I am looking to neatly integrate apply_patch into a keras style augmentation workflow. My current work around is to create a class that inherits the methods from AdversarialPatchTensorFlowV2 and sets any class attributes it needs:

class ApplyAdverserialPatch(AdversarialPatchTensorFlowV2, Layer):
    """
    Implement AdversarialPatchTensorFlowV2.apply_patch as Layer transformation.

    This avoids having to create classifier (TensorFlowV2Classifier) and attack
    (AdversarialPatchTensorFlowV2) objects for each patch application.

    Note
    ====
    Apply_patch can only be run in eager mode and therefore precludes out-of-the-box GPU
    parallelisation using tensorflow. This will likely result in worse performance, when
    using the maping method of execution. See for more details:
    https://www.tensorflow.org/api_docs/python/tf/data/Dataset#map

    Examples
    --------
    ```
    # for np.ndarrays or tf.Tensors of shape (N, H, W, C)
    transform = ApplyAdverserialPatch(image_shape=(H, W, C), patch)
    transformed_image = transform(images)

    # add augmentation to sequential model
    preproccessing_step = keras.Sequential(
        [
            keras.layers.RandomRotation(factor=0.02),
            ApplyAdverserialPatch(image_shape, patch),
        ]
    )
    transformed_image = preproccessing_step(images)

    # map via tf.Data.Dataset (this method requirea tf.py_function)
    dataset = (
        tf.data.Dataset.from_tensor_slices(images)
        .batch(5)
        .map(lambda x: tf.py_function(func=transform, inp=[x], Tout=tf.float32),
        num_parallel_calls=tf.data.AUTOTUNE,  # allows multi-threading (for speed)
        deterministic=False  # allows returned order to be different (for speed)
    )
    ```
    """

    def __init__(self, image_shape: tuple[int], patch: np.ndarray | tf.Tensor):
        """Init specific attributes and methods from inherited classes."""
        # init Layer class so that transformation can be added to keras.Sequential
        Layer.__init__(self, dynamic=True)

        # set attributes needed for each call execution
        self.patch = patch
        self.image_shape = image_shape
        self.patch_shape = image_shape

        # set maximum rotation to AdversarialPatchTensorFlowV2 default
        self.rotation_max = 22.5

        # set index for height and width for patch
        self.i_h_patch = 0
        self.i_w_patch = 1

        # set index for height and width for image
        self.nb_dims = len(image_shape)
        if self.nb_dims == 3:
            self.i_h = 0
            self.i_w = 1
        elif self.nb_dims == 4:
            self.i_h = 1
            self.i_w = 2

    def call(self, image: np.ndarray | tf.Tensor) -> tf.Tensor:
        """Layer class `call` method applies transformation to inputs."""
        return self.apply_patch(image, scale=0.3, patch_external=self.patch)

This works fine (see doc strings for example usages), but my class will be very susceptible to updates in the art packages going forward.
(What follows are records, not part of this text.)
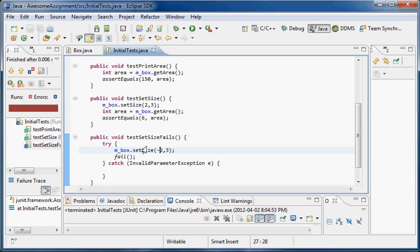So that's a quick demo of how to create the project, how to run it with JUnit and create the JUnit tests, and then even how to handle exceptions.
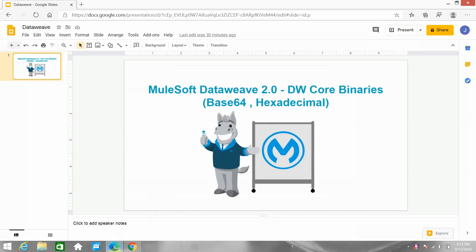Hello everyone, my name is Jitendra Bafna. I am a senior MuleSoft architect. In this video we are going to see DW Core Binaries — a utility provided by MuleSoft.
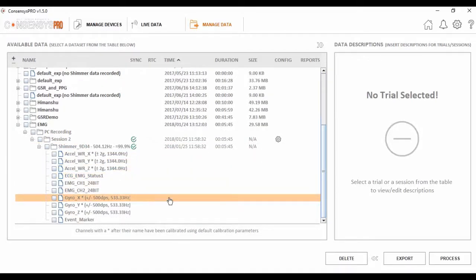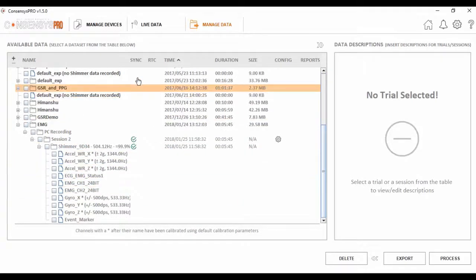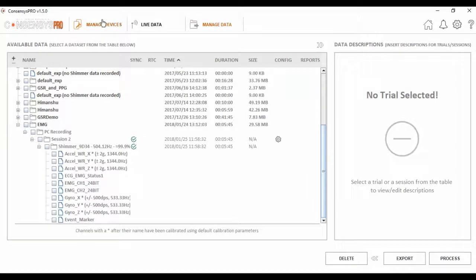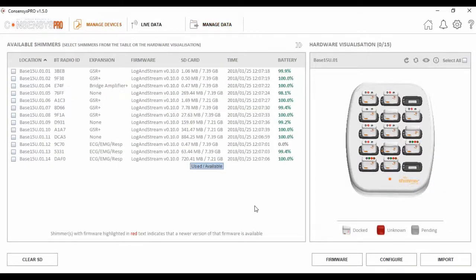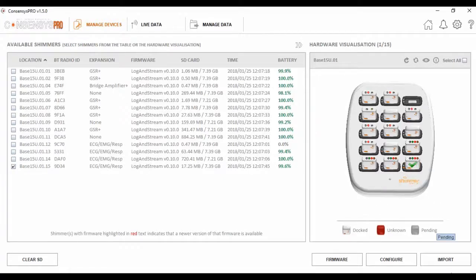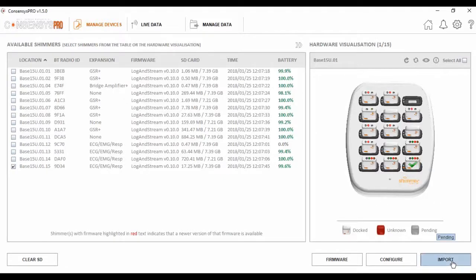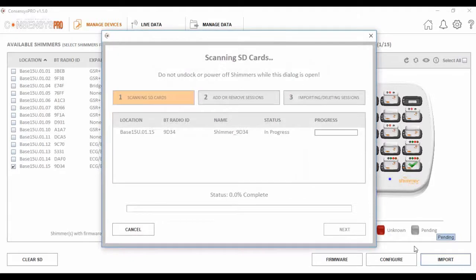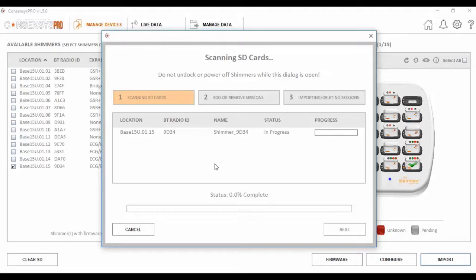The next step is to import the log data from the unit's SD cards. I'll now place the units back in the Consensus Base. I'll select the unit in question, and select the import button. This process is pretty straightforward and intuitive. The software starts by reading the unit's SD card, and then presents you with the data available to import.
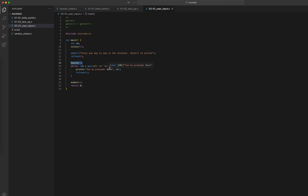So that's getch. Now if we want to look at getstr and getnstr — what's the difference? getstr takes one parameter: the string buffer where we want to save the user input. The problem is if the character array takes 32 characters and the user inputs more than 32, there will be a buffer overflow. getstr does not check that, so the programmer has to manually verify that.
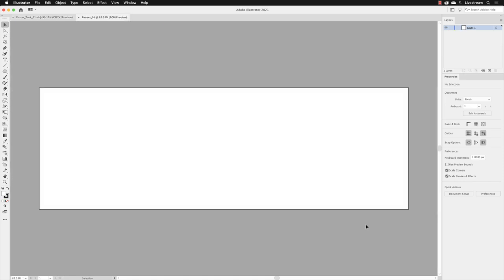There we have our blank artboard that is specifically set to the size that we need to output for the web. All we need to do now is to put artwork into it.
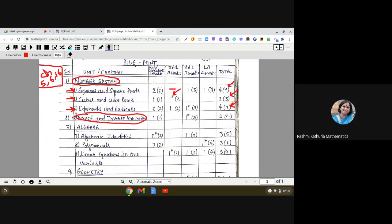Direct and Inverse Variation has a weightage of 4 marks with 2 questions: one question of 1 mark, no two-marker, one question of 3 marks with internal choice, and no four-marker.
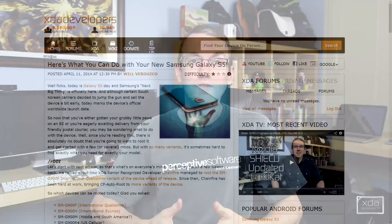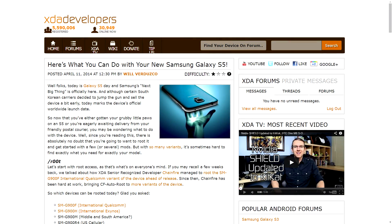The Samsung Galaxy S5 has finally been released, and our own Will Verdusco has put together a story for the portal discussing everything a new S5 user can do with their device, such as rooting, installing custom recoveries, and even backing up and restoring the EFS partition. Links to all of those things can be found within Will's article, so if it sounds interesting to you, make sure to head on over to the portal to get the details.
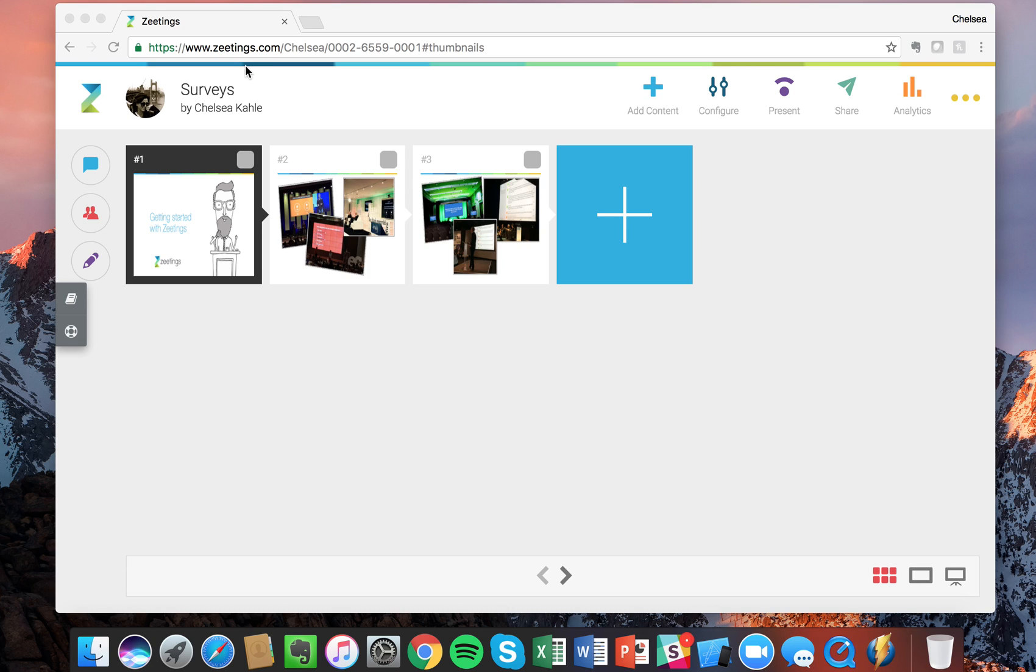In this lesson I'm going to talk about surveys. What I'm going to do is create a survey and then present the survey and show you what it looks like from the attendee point of view.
Alternatively, I could strip the apply_patch into my own function. What is the most robust solution to this problem?

Thanks in advance for any help on this - much appreciated!

mxrothwell avatar Dec 11 '23 10:12 mxrothwell

Hi @mxrothwell Thank you very much for interest in ART! I think this a great question and we should keep this issue as a feature request. At the moment ART provides a function in art.utils.insert_transformed_patch to insert patches into a plane defines by 4 coordinates.